O jornalista e antropólogo Bruno Albertim ressalta que o cuscuz é mais do que uma tradição alimentar, sendo um componente fundamental da rotina nordestina. “Comer um cuscuz de manhã significa começar bem o dia, começar o dia com força, embora seja um alimento que se preste a várias ocasiões. Ele vai do café da manhã até o jantar”, explica. Essa presença constante reflete a versatilidade do prato, que pode ser consumido puro ou acompanhado de leite, ovos, carne de sol, queijo coalho e diversos outros ingredientes.
Uma trajetória de adaptação e resistência
A história do cuscuz remonta ao Norte da África, onde era originalmente feito com sêmola de trigo. Com a chegada dos portugueses ao Brasil, a técnica de preparo foi adaptada para o milho, ingrediente abundante na região Nordeste. O resultado foi a versão amarela e granulada, cozida no vapor, que se tornou um símbolo da culinária nordestina.
Bruno Albertim destaca a importância desse processo de adaptação dentro do contexto histórico e cultural brasileiro. “Na medida em que você tem uma cultura alimentar muito globalizada, acaba criando um ambiente de favorecimento e valorização das particularidades alimentares dos povos. Ou seja, nós precisamos nos diferenciar no mundo a partir daquilo que temos como únicos, e aí o cuscuz tende a se valorizar cada vez mais”, afirma.
A globalização, que trouxe consigo a padronização dos hábitos alimentares, também impulsionou a redescoberta e a valorização das culinárias regionais. Hoje, o cuscuz nordestino ultrapassa fronteiras e já figura nos cardápios de restaurantes sofisticados fora da região, conquistando novos paladares e reforçando seu status como um patrimônio cultural.
Mais do que comida, um elo afetivo
Para além do sabor e da tradição, o cuscuz carrega significados afetivos e sociais.

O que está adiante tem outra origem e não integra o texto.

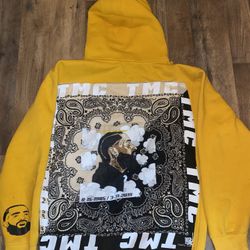 Nipsey Hoodie Large 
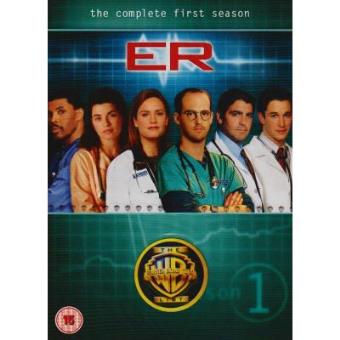 E.R. - Season 01 (Import) - 1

Segundo Albertim, a comida é um grande operador de relações, pois ela “nos ajuda a construir as noções de pertencimento, as noções também de não pertencimento. A comida indica quem é mais ou quem é menos pobre, quem é mais ou quem é menos rico. A comida indica a religiosidade de uma pessoa, se estamos num dia cotidiano ou num dia de festa”.
No Nordeste, o cuscuz vai além da mesa: está presente na música, na literatura e até mesmo na linguagem popular. Expressões como “tá tudo em cuscuz” (quando algo está certo) e a menção do prato em versos de poetas e repentistas mostram como ele faz parte da identidade cultural da região.
O reconhecimento da UNESCO reforça essa relevância e incentiva a preservação da tradição. Embora um título não garanta a sobrevivência de um hábito, ele serve para evidenciar a importância do cuscuz como um elemento cultural. Como Albertim pontua, “esses títulos, na verdade, nenhuma tradição sobrevive apenas por força de lei. Uma tradição só tem a capacidade de ser reconhecida como tal se ela tiver aderência”.
Assim, o cuscuz segue firme como um símbolo do Nordeste, alimentando não apenas o corpo, mas também a memória e a identidade de um povo.